In a partial-fractions decomposition of a proper rational function $\frac{p\left(x\right)}{q\left(x\right)}$, if $q\left(x\right)$has an irreducible quadratic factor $x^2+bx+c$with multiplicity $m$, then for some constants $B_1,B_2,...,B_m$ and $C_1,C_2,...,C_m$, the sum will include terms of the forms $\frac{B_{1}x+C_1}{\left(x^2+bx+c\right)}+\frac{B_{2}x+C_2}{{\left(x^2+bx+c\right)}^2}+...+\frac{B_{m}x+C_m}{{\left(x^2+bx+c\right)}^m}$.

Step-by-step solution

Step 1. Given information  

In a partial-fractions decomposition of a proper rational function $\frac{p\left(x\right)}{q\left(x\right)}$, if $q\left(x\right)$has an irreducible quadratic factor $x^2+bx+c$with multiplicity $m$, then for some constants $B_1,B_2,...,B_m$ and $C_1,C_2,...,C_m$, the sum will include terms of the forms _____.
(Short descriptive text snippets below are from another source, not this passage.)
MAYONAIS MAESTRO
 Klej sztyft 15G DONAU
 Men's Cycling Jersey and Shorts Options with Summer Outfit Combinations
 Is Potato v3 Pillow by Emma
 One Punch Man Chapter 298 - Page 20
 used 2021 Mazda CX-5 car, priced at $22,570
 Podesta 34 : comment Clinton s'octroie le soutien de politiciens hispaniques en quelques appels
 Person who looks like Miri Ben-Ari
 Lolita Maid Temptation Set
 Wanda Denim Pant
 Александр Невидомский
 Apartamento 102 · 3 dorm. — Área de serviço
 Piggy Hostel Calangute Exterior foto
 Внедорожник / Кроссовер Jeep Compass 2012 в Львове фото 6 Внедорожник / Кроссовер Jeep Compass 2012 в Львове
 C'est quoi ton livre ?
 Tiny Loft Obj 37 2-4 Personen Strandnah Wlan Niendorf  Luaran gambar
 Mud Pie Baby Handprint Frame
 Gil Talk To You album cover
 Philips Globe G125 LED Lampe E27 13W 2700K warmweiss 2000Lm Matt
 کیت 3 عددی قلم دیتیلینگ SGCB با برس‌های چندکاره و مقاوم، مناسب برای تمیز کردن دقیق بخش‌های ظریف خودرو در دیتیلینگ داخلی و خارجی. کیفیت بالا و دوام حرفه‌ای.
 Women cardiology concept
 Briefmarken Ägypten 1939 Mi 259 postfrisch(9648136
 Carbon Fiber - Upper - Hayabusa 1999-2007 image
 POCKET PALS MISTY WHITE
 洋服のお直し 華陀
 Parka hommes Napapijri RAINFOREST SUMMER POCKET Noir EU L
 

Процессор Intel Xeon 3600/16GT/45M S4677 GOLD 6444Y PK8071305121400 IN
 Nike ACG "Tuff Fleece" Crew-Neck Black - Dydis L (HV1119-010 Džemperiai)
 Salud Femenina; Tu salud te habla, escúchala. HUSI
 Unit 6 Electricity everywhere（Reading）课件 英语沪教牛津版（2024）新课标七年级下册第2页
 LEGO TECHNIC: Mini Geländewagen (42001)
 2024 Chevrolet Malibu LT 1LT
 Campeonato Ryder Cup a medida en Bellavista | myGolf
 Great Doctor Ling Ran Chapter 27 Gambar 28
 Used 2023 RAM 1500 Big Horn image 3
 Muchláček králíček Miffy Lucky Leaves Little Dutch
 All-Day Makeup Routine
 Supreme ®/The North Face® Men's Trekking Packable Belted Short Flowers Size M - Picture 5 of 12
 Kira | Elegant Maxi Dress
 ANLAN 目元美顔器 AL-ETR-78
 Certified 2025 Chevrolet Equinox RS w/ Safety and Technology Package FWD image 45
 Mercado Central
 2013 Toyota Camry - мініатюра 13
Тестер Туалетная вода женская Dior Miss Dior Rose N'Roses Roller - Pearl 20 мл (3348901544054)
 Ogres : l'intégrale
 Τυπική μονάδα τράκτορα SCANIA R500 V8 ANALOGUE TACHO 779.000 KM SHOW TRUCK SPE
Step 2. Filling in the blanks to complete the theorem statements  

In a partial-fractions decomposition of a proper rational function $\frac{p\left(x\right)}{q\left(x\right)}$, if $q\left(x\right)$has an irreducible quadratic factor $x^2+bx+c$with multiplicity $m$, then for some constants $B_1,B_2,...,B_m$and $C_1,C_2,...,C_m$, the sum will include terms of the forms $\frac{B_{1}x+C_1}{\left(x^2+bx+c\right)}+\frac{B_{2}x+C_2}{{\left(x^2+bx+c\right)}^2}+...+\frac{B_{m}x+C_m}{{\left(x^2+bx+c\right)}^m}$.

Proper rational functions are decomposed into partial fractions for irreducible quadratic factor with some multiplicity as shown above.